The present invention relates to a process for the production of an inverted structure, active matrix display screen. Its preferred use is in the production of liquid crystal flat-faced screens. However, it can also be applied to materials other than liquid crystals, such as electroluminescent, electrochromic, electrolytic and similar materials.
Among the most interesting known processes for producing an active matrix display screen is the so-called two masking level process, as described in French patent application FR-A-2 533 072. In such a process on a transparent wall are produced columns and a matrix of blocks defining the future pixels. Deposition takes place of a stack of three layers, namely of amorphous hydrogenated silicon, insulant and conductor and said stack is etched with rows overlapping the columns and blocks. Therefore a transistor is formed at each overlap with, as the gate the conductive part of the row, as the drain the block and as the source the column. Thus, the gate is placed above the structure, in a so-called "normal" configuration.
The article by Yutaka Miya et al entitled "Two-Mask Step-Inverted Staggered a-Si TFT-Addressed LCDs" published in SID (Society for InformatIon Display) 89 Digest, pp. 155 to 158 describes another process, which also has two masking levels, but which leads to an inverted or reversed structure compared with the structure described hereinbefore, i.e. with a gate positioned at the bottom of the stack of layers. The main stages of this process are illustrated in FIG. 1. On a glass support 1 is deposited a conductive layer, e.g. of chromium, which is etched in the form of parallel rows 2 (part A). This is followed by the deposition of a silicon nitride layer 3, an intrinsic amorphous silicon layer 4 and a doped amorphous silicon layer 5. These layers can be deposited by PECVD (Plasma Enhanced Chemical Vapour Deposition).
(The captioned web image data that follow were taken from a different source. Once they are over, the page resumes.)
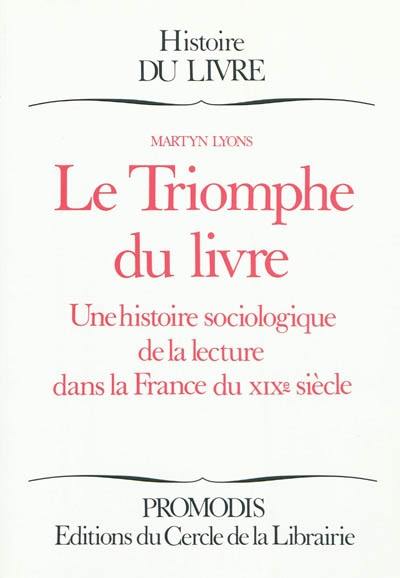 Le triomphe du livre : une histoire sociologique de la lecture dans la France du XIXe siècle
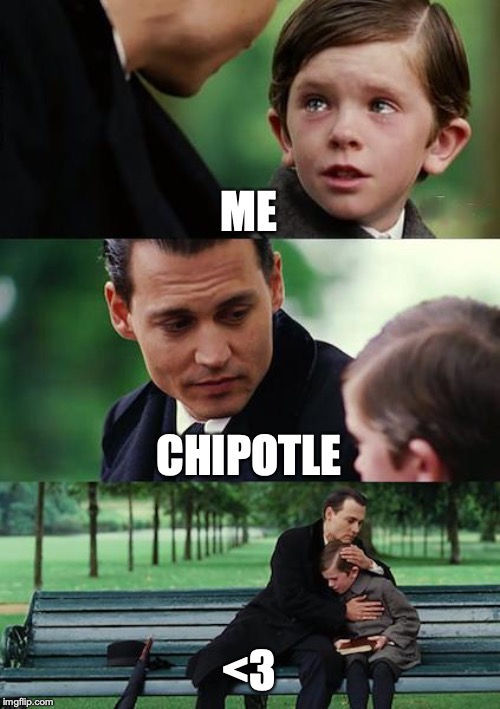 Finding Neverland | ME; CHIPOTLE; <3 | image tagged in memes,finding neverland | made w/ Imgflip meme maker
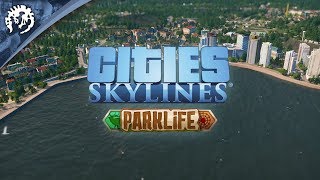 Cities: Skylines - Parklife Megjelenés Trailer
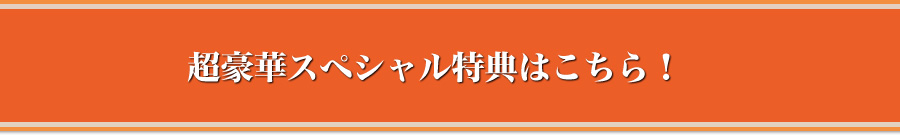超豪華スペシャル特典はこちら！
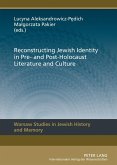 Reconstructing Jewish Identity in Pre- and Post-Holocaust Literature and Culture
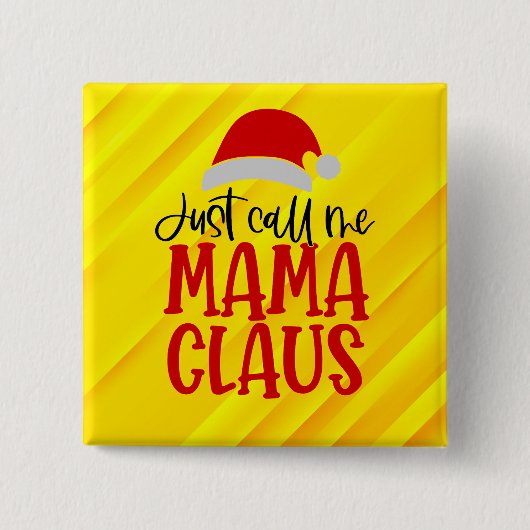 Just Call Me Mamaクロース-56275 缶バッジ (正面)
A positive photoresist 6 is then deposited and the assembly is subject to ultraviolet irradiation through the glass substrate (part B). ln this irradiation operation, the conductive lines or rows constitute an opaque mask so that after development photoresist 7 is only left above the rows 2. These photoresist rows or lines 7 are used as a mask for etching the doped amorphous silicon layer 5 and the intrinsic amorphous silicon layer 4 (part C).
This is followed by the deposition thereon of a conductive layer 8 etched in order to form the columns and blocks which overlap the rows 2 (part D--the representation being diagrammatic). Taking these elements as the mask, the doped amorphous silicon layer 5 is etched in order to reach the intrinsic amorphous silicon layer 4, which completes the transistors. The latter have for the gate G the part of the row 2 located beneath the structure, for the source S the end of the block and for the drain D part of the column (part E).
This procedure suffers from two disadvantages. Firstly the irradiation takes place through the stack formed by the silicon nitride layer 3, the intrinsic amorphous silicon layer 4 and the doped amorphous silicon layer 5. It is therefore necessary to limit these layers to a very limited thickness in order to avoid an excessive absorption, particularly with respect to the intrinsic amorphous silicon layer 4, which absorbs ultraviolet rays. However, as a result of the thinness of the layer the transistors obtained have only mediocre performance characteristics. The other disadvantage is that the metallic layer for forming the columns and blocks is not deposited on a planar surface (parts C and D of FIG. 1), being instead deposited on a surface having reliefs. This leads to the risk of defects, particularly the cutting off of columns.